▶ ACTIVITY:
Return nothing but the lines from the one with "Baño · Casa Ibicenca" through the one with "Damast-Gyuto 215, achteckig, 2,3" in the data below, word for word and without pictures.

▶ DATASET EXCERPTS:
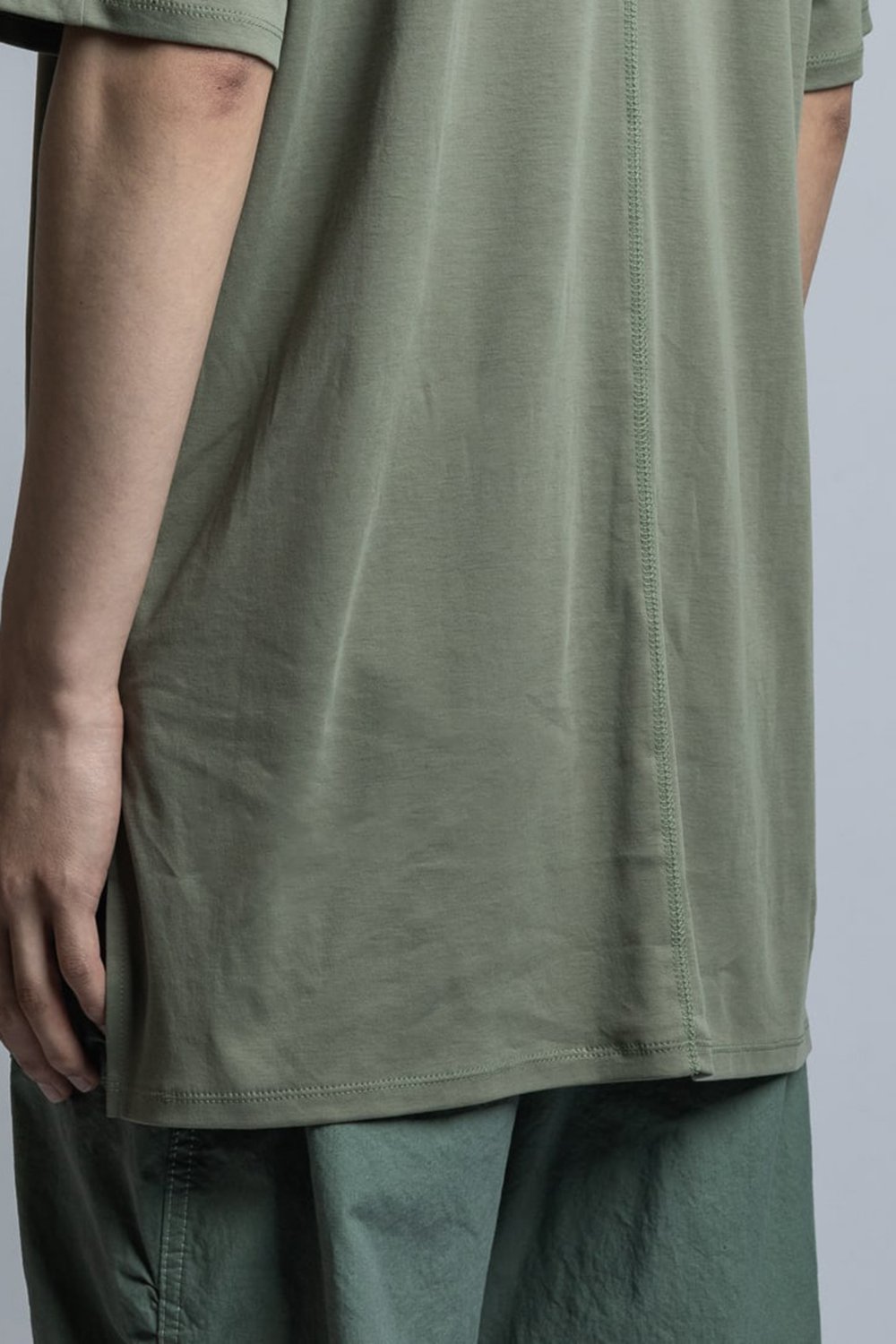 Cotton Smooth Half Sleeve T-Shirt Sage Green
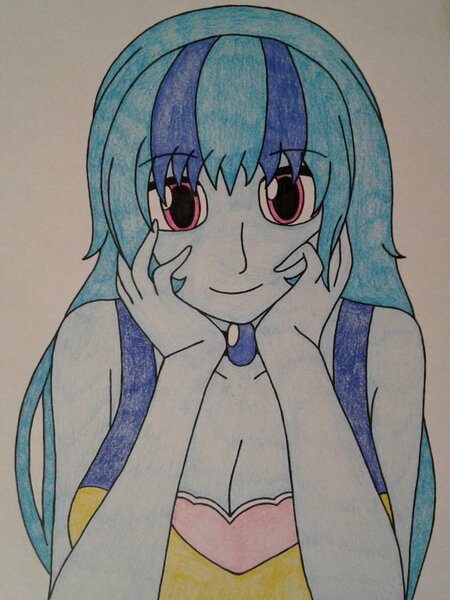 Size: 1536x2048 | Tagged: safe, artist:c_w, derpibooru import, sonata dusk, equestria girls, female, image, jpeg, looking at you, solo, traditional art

==

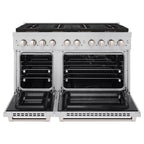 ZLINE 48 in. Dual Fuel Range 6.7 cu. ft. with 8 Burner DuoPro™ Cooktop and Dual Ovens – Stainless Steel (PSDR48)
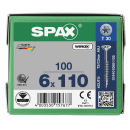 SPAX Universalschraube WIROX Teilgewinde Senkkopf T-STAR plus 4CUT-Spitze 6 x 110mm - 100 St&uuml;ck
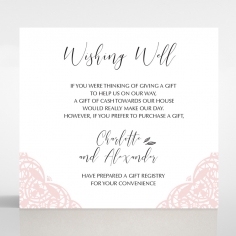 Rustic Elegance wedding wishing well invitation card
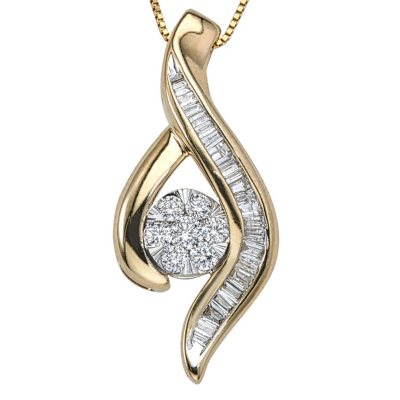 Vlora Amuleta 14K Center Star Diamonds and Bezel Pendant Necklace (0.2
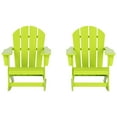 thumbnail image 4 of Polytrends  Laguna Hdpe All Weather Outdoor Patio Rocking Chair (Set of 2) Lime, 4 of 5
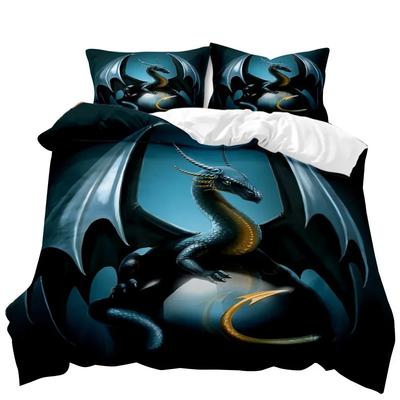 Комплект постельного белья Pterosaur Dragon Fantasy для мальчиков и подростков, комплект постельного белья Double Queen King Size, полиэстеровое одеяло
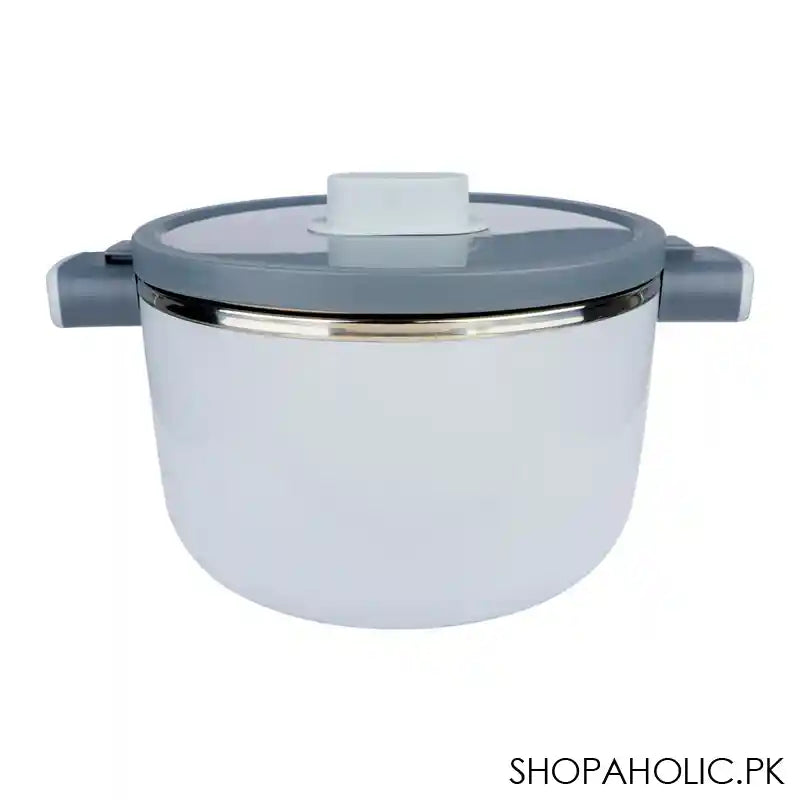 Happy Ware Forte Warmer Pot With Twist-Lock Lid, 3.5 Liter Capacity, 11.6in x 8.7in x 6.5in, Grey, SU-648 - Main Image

--

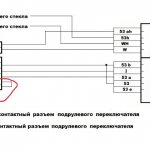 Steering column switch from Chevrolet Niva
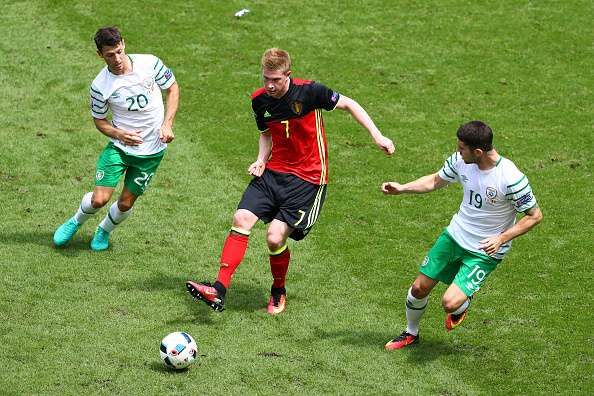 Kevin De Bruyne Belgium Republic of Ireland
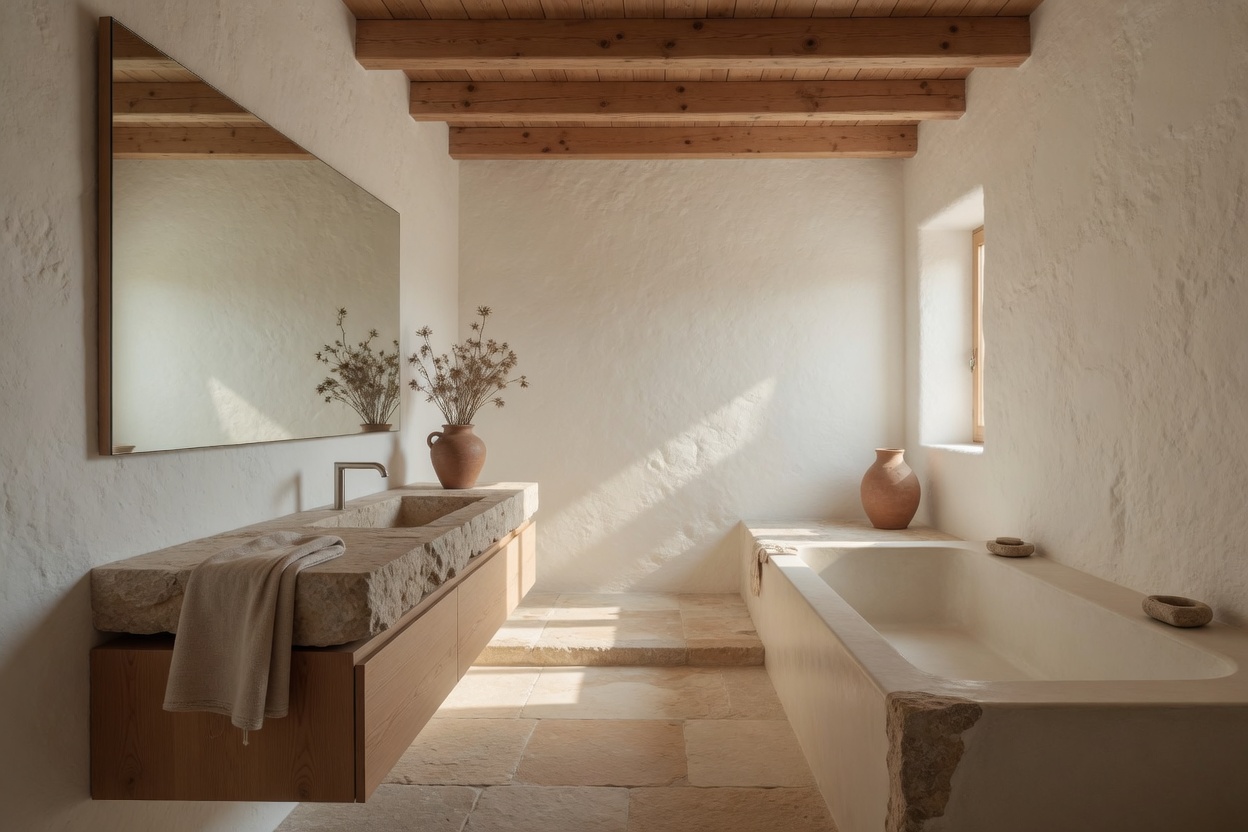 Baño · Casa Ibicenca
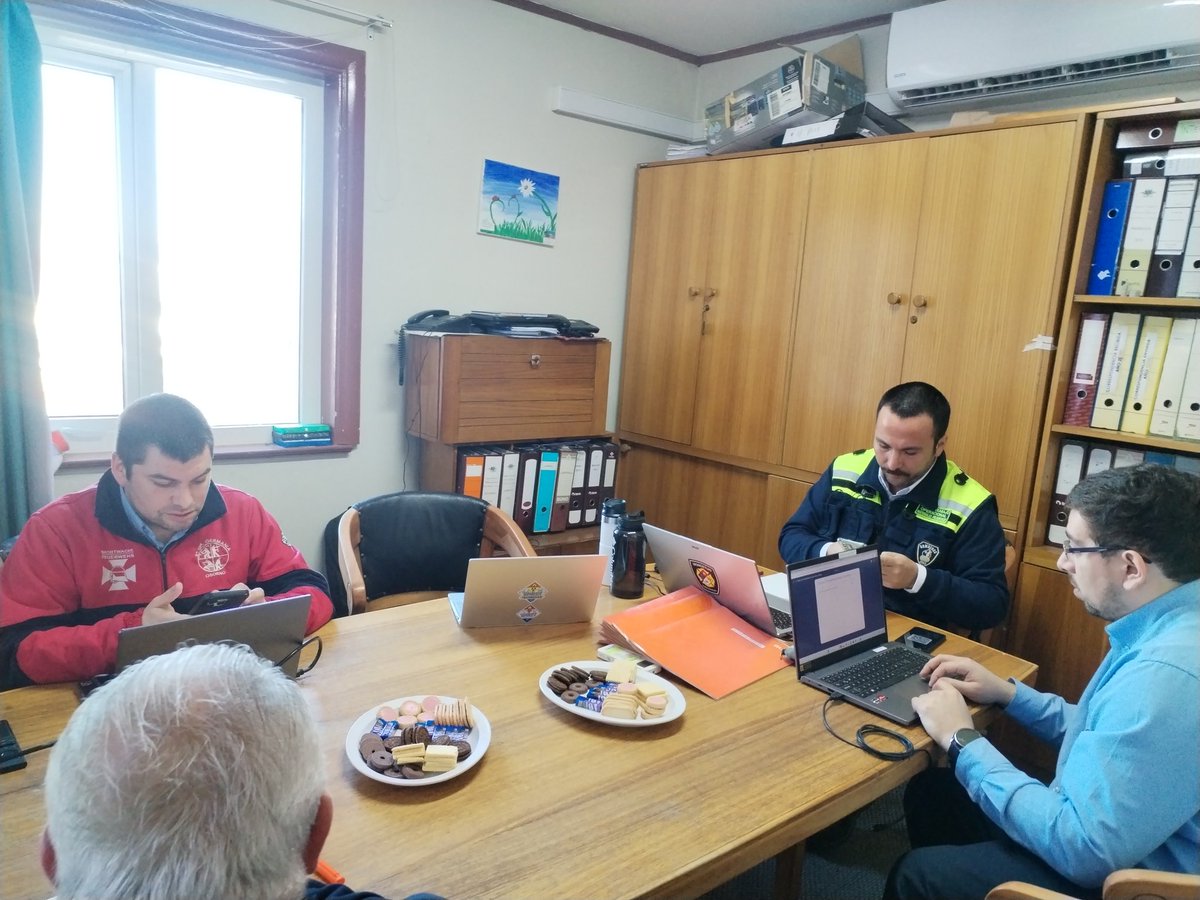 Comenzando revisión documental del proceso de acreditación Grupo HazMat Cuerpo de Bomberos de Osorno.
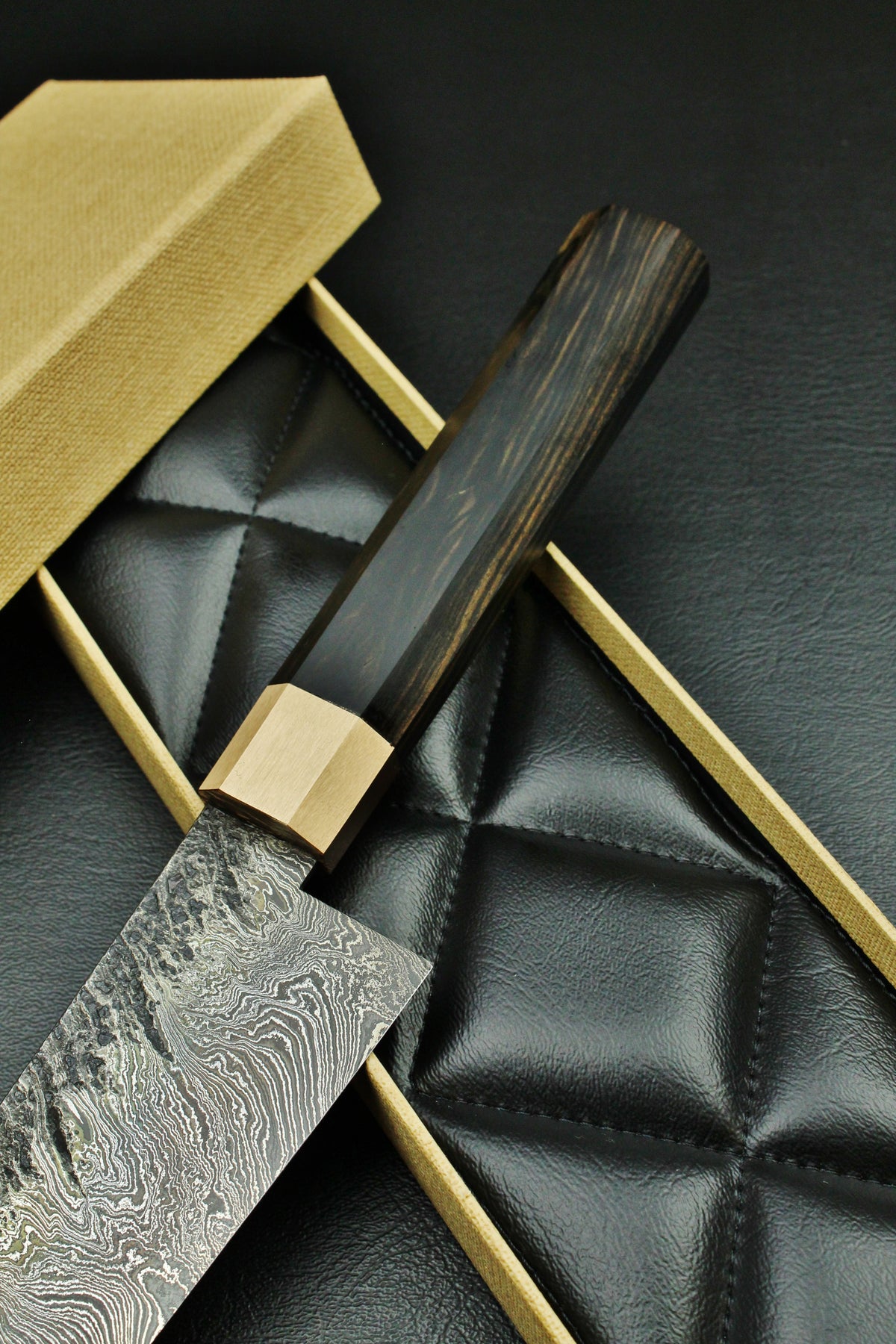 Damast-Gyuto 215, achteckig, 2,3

▶ THE COMPLETED TASK:
 Baño · Casa Ibicenca
 Comenzando revisión documental del proceso de acreditación Grupo HazMat Cuerpo de Bomberos de Osorno.
 Damast-Gyuto 215, achteckig, 2,3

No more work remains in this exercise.